Residence UK Nationality British | Name Herbert Frohlich | |
![]() | ||
Born 9 December 1905Rexingen, German Empire ( 1905-12-09 ) Institutions University of BristolUniversity of LiverpoolUniversity of SalfordIoffe Physico-Technical InstituteUniversity of Freiburg Alma mater Ludwig-Maximilians University |
We ain t got nothing to lose herbert fr hlich
Herbert Fröhlich (9 December 1905 – 23 January 1991) FRS was a German-born British physicist.
Contents
- We ain t got nothing to lose herbert fr hlich
- After my laughter came tears herbert fr hlich herbert glad
- Career
- Honours and awards
- Books by Frhlich
- Personal life
- References
After my laughter came tears herbert fr hlich herbert glad
Career
In 1927, Fröhlich entered the Ludwig-Maximilians University, Munich, to study physics, and he received his doctorate under Arnold Sommerfeld, in 1930. His first position was as Privatdozent at the University of Freiburg. Due to rising anti-Semitism and the Deutsche Physik movement under Adolf Hitler, and at the invitation of Yakov Frenkel, Fröhlich went to the Soviet Union, in 1933, to work at the Ioffe Physico-Technical Institute in Leningrad. During the Great Purge following the murder of Sergey Kirov, he fled to England in 1935. Except for a short visit to the Netherlands and a brief internment during World War II, he worked in Nevill Francis Mott's department, at the University of Bristol, until 1948, rising to the position of Reader. At the invitation of James Chadwick, he took the Chair for Theoretical Physics at the University of Liverpool.

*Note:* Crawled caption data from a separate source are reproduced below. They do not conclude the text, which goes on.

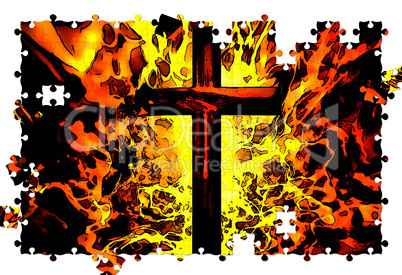 Flaming Cross Christian Illustration Puzzle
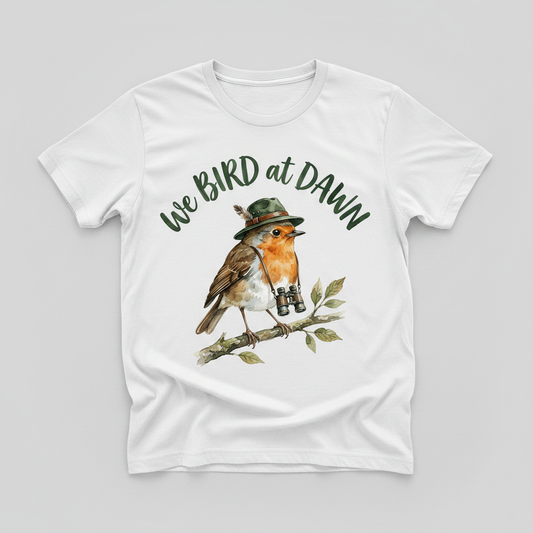 Watercolor Robin Birdwatcher with Hat and Binoculars T-Shirt - product mockup - White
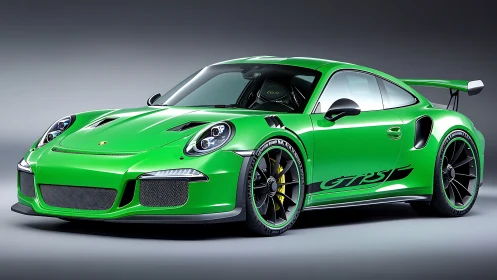 Bright green sports coupe stands under neutral studio lighting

He was offered by the Bell Telephone Laboratories a handsome salary to go to Princeton University as their specially endowed professor. But at Liverpool he had a purely research post, which was attractive to him, and he was newly married to an American postgraduate philosophy student, and later an artist, Fanchon Aungst, who was not keen to return to America at that time.
From 1973, he was Professor of Solid State Physics at the University of Salford, however, all the while maintaining an office at the University of Liverpool, where he gained emeritus status in 1976 until his death. During 1981, he was a visiting professor at Purdue University. He has been nominated for the Nobel Prize in Physics in 1963 and in 1964.
Fröhlich proposed a theory of coherent excitations in biological systems known as Fröhlich coherence. A system that attains this state of coherence is known as a Fröhlich condensate.
Honours and awards
Fröhlich was elected a Fellow of the Royal Society (FRS) in 1951. In 1972 he was awarded the Deutsche Physikalische Gesellschaft Max-Planck Medal and in 1981 an Honorary Doctorate from Purdue University.
Books by Fröhlich
Personal life
Fröhlich was the son of Fanny Frida (née Schwarz) and Jakob Julius Fröhlich, members of an old-established Jewish family. He is the brother of Albrecht Fröhlich.